Na początku poznawałam Cię powoli, spokojnie, ostrożnie dobierając słowa i gesty, nie chcąc Cię urazić i nie chcąc narazić siebie samej na Twe nieprzyjazne spojrzenie. Jakbym łyżką nabierała zupę z samego jej wierzchu. W końcu ze sprzyjającym wiatrem ruszyłam do przodu i nabrałam na nią kilka kawałeczków ciemnego mięsa. Zaczęłam Cię poznawać. Ciebie i Twoje zwyczaje. Uświadomiłam sobie, że jesteś inny. I że od tej pory nie chcę już jeść krupniku z kurczakiem. Tylko z boczkiem.

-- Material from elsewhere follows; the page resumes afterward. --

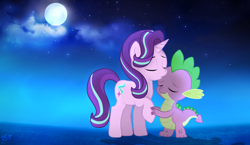Size: 1324x768 | Tagged: safe, artist:pinkamenascratch, spike, starlight glimmer, dragon, pony, unicorn, cloud, commission, eyes closed, female, male, mare, moon, night, raised hoof, shipping, smiling, sparlight, stars, straight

Znam Cię, ale zarazem mało o Tobie wiem. Zdaję sobie sprawę z tego, że jesteśmy dwoma różnymi światami i nie ma dla nas nadziei. Nie jestem w Twoim typie. Nie jestem tymi ustami, przez które takie wysokiej klasy mięso jak Ty chciałoby być zgarnięte. Nie mam zębów, którymi chciałoby być pogryzione. Wiem to. Ciekawi mnie jednak, czy kiedyś dowiem się o Tobie wszystko. Czy zjem kiedyś całą Twoją zawartość i wypiję duszkiem ostatnie Twoje krople. Znając życie, nigdy tak się nie stanie.

Boczek w krupniku już nigdy więcej nie będzie eksperymentem. Ty będziesz dla mnie eksperymentem cały czas.



Ok, chciałam napisać coś innego, znowu - i voila! Wyszło jak wyszło, a czy wyszło dobrze czy źle... Sama nie wiem. Jakoś przeszkadza mi słowo "boczek" cały czas, czy to mięso nie może nazywać się inaczej? W każdym razie, to jest dobry przykład tego, jak potrafi mnie inspirować moje życie. Dzisiaj mnie zainspirował obiad. :)

niedziela, 10 marca 2013

Koszmar

Masz koszmar. Budzisz się. Próbujesz dojść do siebie. Przekręcasz się z boku na bok, nie mogąc zasnąć. Wstajesz razem z budzikiem. Idziesz do kuchni. Robisz sobie śniadanie. Wylewasz prawie pełną miskę mleka do zlewu. O śniadaniu do szkoły nawet nie myślisz. Idziesz do łazienki. Stoisz przed lustrem. Patrzysz się na swoje opuchnięte oczy. Przemywasz twarz wodą. Myjesz zęby. Malujesz się. Wracasz do pokoju. Otwierasz szafę i wyciągasz pierwsze lepsze ubrania. Wkładasz je na siebie. Powoli sięgasz po torbę z książkami. Ubierasz buty. Wychodzisz z domu. Kierujesz się na przystanek. Mijasz te same bloki, samochody, drzewa, co prawie codziennie. Nie myślisz o niczym. W twojej głowie jest pustka. Ledwo co opuściłaś dom, ale już chcesz do niego wrócić. Mimo że nie jesteś w nim szczęśliwa. Poza nim jesteś jeszcze bardziej rozżalona.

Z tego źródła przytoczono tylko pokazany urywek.